The invention also features a showerhead which is attached to a shower inlet tube or fluid supply by a mounting ring having notches about its periphery. A resilient gasket mounted within the mounting ring seals the showerhead to the shower inlet tube. A ball-joint having an input port, an outlet port and a flow path therebetween is pivotally mounted in the mounting ring. The showerhead has a substantially cylindrical flow chamber with an inlet aperture and an exit aperture in fluid communication with the fluid supply. The length of the flow chamber between the apertures is 1 to 4 times the chamber diameter while the chamber diameter is 2 to 20 times the diameter of the inlet aperture. The showerhead also includes a connector coupling the outlet port to the inlet aperture, the coupler adapted to engage any of the notches on the mounting ring thereby causing the resilient gasket to cover the inlet port and shut off the fluid supply. A bulkhead-forming element which includes a plurality of exit passages substantially encloses the exit aperture, and the showerhead also includes a venturi nozzle in fluid communication with the bulkhead. The ratio of the cross-sectional area of the inlet aperture to the total cross-sectional area of the exit passages at the bulkhead ranges from 0.7 to 4. The venturi nozzle has a recessed ring about its edge to promote fluid spray substantially free of weeping.

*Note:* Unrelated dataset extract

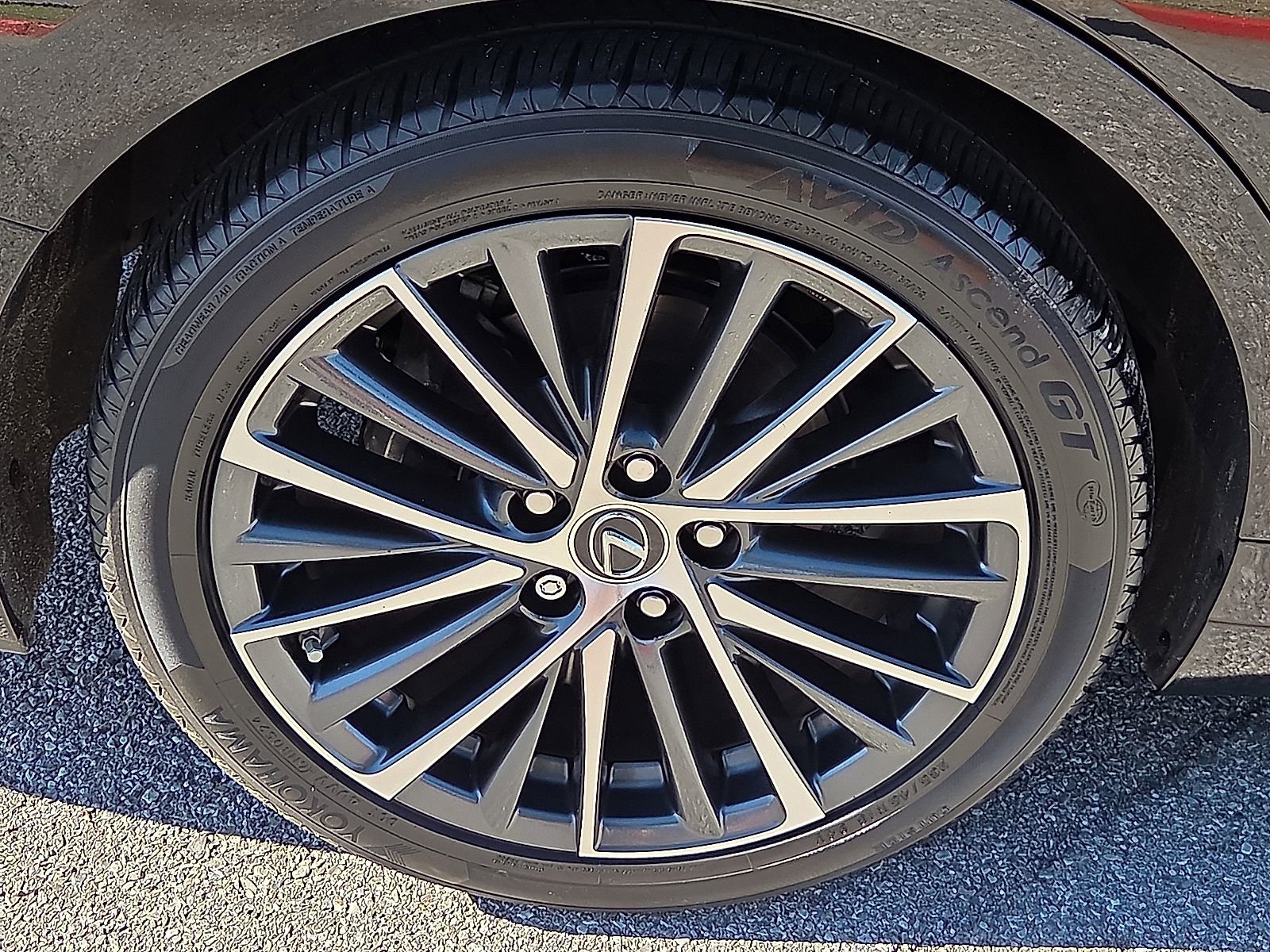 Used 2023 Lexus ES 350 w/ Premium Package image 7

The invention further features a showerhead which produces a pulsating spray. This showerhead includes a coupling element for attaching a showerhead to a fluid supply, a substantially cylindrical chamber, a spray-forming device and a pulsation-forming apparatus. The length of the chamber between its inlet and its outlet is 0.5 to 3 times its diameter. Preferably, the spray-forming device is a bulkhead having a plurality of exit passages. In one embodiment, the pulsation-forming apparatus is a bezelled input aperture opening at the chamber. The diameter of the bezelled apparatus is substantially equal to the diameter of the chamber at the opening. In another embodiment, the length of the chamber is 1 to 3 times its diameter and the pulsation-forming apparatus is a device which decreases the diameter of the input, causing a lower input/chamber diameter ratio.